Dichomeris dignella

Scientific classification
- Domain: Eukaryota
- Kingdom: Animalia
- Phylum: Arthropoda
- Class: Insecta
- Order: Lepidoptera
- Family: Gelechiidae
- Genus: Dichomeris
- Species: D. dignella
- Binomial name: Dichomeris dignella Walsingham, 1911

= Dichomeris dignella =

- Authority: Walsingham, 1911

Species of moth

Dichomeris dignella is a moth in the family Gelechiidae. It was described by Thomas de Grey, 6th Baron Walsingham, in 1911. It is found in Mexico (Guerrero).

The wingspan is about 11 mm.
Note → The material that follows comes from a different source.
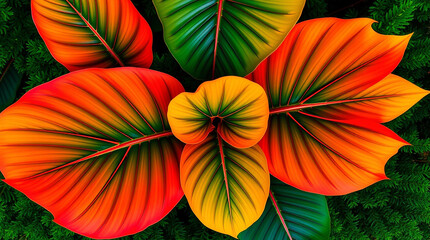 Naklejka premium Monstera green leaves or Monstera Deliciosa in dark tones(Monstera, palm, rubber plant, pine, bird’s nest fern), background or green leafy tropical pine forest patterns for creative design elements.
The forewings are pale ochreous, sprinkled and spotted with greyish fuscous, of which there is also a distinct streak along the base of the costa. One spot is found on the upper edge of the fold at one-fifth, another on the cell at two-fifths, slightly preceded by a third beneath it, one at the end of the cell, and another on the costa at the commencement of the cilia. The sprinkling is scantily distributed, but
somewhat thickened along the middle of the costa, in a transverse band along the middle, along the dorsum as far as the band, and again along the termen. The hindwings are pale bluish grey.